Obesity poses unique reproductive health risks in women. Obesity and excessive weight gain in pregnancy are associated with maternal and fetal complications of pregnancy, including preterm labor, gestational diabetes, preeclampsia, operative delivery, fetal macrosomia, and birth defects [2–7]. Additionally, childhood obesity in girls is associated with early onset of puberty, menstrual irregularities during adolescence and polycystic ovary syndrome (PCOS) [8, 9]. Obesity can increase the risk of anovulation and may also decrease ovulatory response to fertility treatment [10]. Moreover, the efficacy and safety of hormonal contraceptives can be severely compromised by increased body weight [11]. Conversely, weight reduction enhances reproductive outcomes and diminishes obesity-related maternal, perinatal, cardiovascular, and cancer risks [12–15]. The fact that most of the obesity-associated deleterious effect on female fertility is ameliorated by bariatric surgery strongly suggests a causative role for obesity in the development of these adverse effects on reproduction. Although several published reports have shown that maternal obesity is associated with increased morbidity and mortality for both mother and offspring, the mechanisms underlying the increased reproductive health risk associated with maternal obesity are not well understood. In this chapter, we aim to discuss the impact of obesity on female reproduction with a focus on the effect of leptin on fertility problems in obese women. Finally, we comment on the possible cross talk in the molecular and cellular pathways utilized by leptin and insulin to alter reproductive processes in obese women with PCOS.

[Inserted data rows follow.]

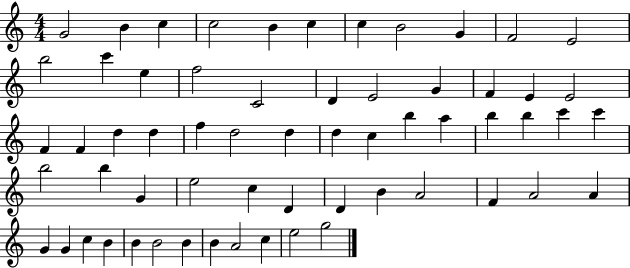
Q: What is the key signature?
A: C major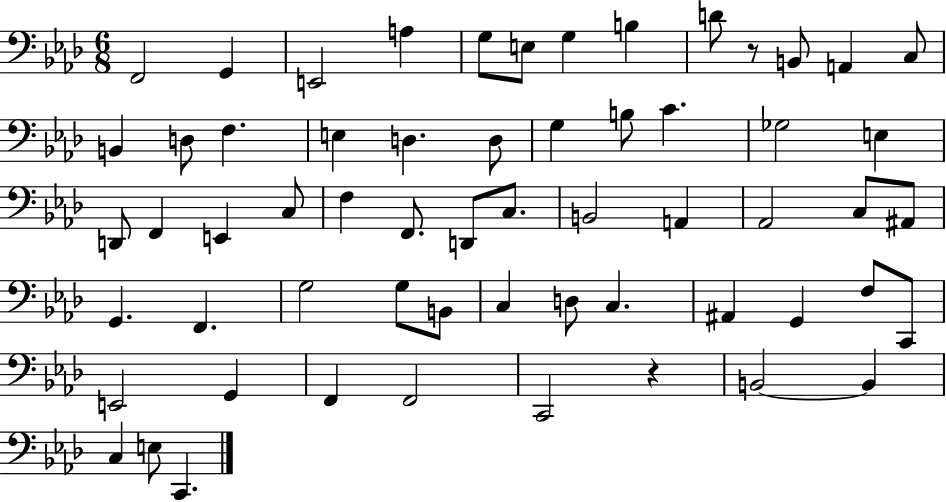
X:1
T:Untitled
M:6/8
L:1/4
K:Ab
F,,2 G,, E,,2 A, G,/2 E,/2 G, B, D/2 z/2 B,,/2 A,, C,/2 B,, D,/2 F, E, D, D,/2 G, B,/2 C _G,2 E, D,,/2 F,, E,, C,/2 F, F,,/2 D,,/2 C,/2 B,,2 A,, _A,,2 C,/2 ^A,,/2 G,, F,, G,2 G,/2 B,,/2 C, D,/2 C, ^A,, G,, F,/2 C,,/2 E,,2 G,, F,, F,,2 C,,2 z B,,2 B,, C, E,/2 C,,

Energy Homeostasis and Reproduction
In humans, reproductive function declines at both extremes of energy balance. The possibility of a factor secreted by white adipose tissue that reflects the level of total body energy stores and possibly regulates hypothalamic control of feeding was first proposed by Kennedy [16, 17] and is supported by classic cross-circulation (parabiosis) experiments in rodents [18, 19]. This was later confirmed by the discovery of leptin by positional cloning in 1994 [20]. In humans, the amount of body fat is the principal determinant of circulating levels of leptin [21]. Leptin is secreted in pulses that are positively correlated to gonadotropins, estradiol, and thyrotropin [22]. Leptin secretion in women has a diurnal pattern characterized by a nocturnal rise that synchronizes with a similar rise in gonadotropins and estradiol [23], suggesting a functional link between leptin and the hypothalamic–pituitary–ovarian axis.

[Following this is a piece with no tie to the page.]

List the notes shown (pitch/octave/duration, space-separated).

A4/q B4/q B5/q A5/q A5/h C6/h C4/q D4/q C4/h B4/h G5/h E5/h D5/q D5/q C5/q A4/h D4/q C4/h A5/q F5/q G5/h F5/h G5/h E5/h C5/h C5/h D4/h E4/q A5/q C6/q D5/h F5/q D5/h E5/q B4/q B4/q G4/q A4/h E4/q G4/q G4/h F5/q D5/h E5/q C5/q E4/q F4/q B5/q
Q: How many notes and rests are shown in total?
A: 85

Leptin and reproduction. Leptin is a major regulator of food intake and energy homeostasis. In addition, leptin relays information to the brain about the adequacy of peripheral energy stores to sustain reproduction. When energy stores are adequate, leptin suppresses feeding behavior and permits neuroendocrine functions that facilitate energy expenditure [24–26]. Conversely, a lower level of serum leptin reflecting inadequate energy stores elicits adaptive responses by diverting energy resources away from energy demanding processes, such as reproduction to those functions that are essential for the survival of the organism [27, 28]. This is reflected in clinical conditions associated with hypoleptinemia. For instance, a congenital absence of leptin as seen in individuals with homozygous mutations in the gene coding for leptin is associated with infertility in humans and in mice [29–32]. Infertility also characterizes acquired conditions associated with low levels of circulating leptin such as exercise-induced amenorrhea, functional hypothalamic amenorrhea, and anorexia nervosa [33, 34]. Leptin treatment has been shown to restore fertility in adult humans with congenital or acquired leptin deficiency [33, 34]. However, the precise mechanisms by which leptin acts to normalize reproductive function have not been fully defined.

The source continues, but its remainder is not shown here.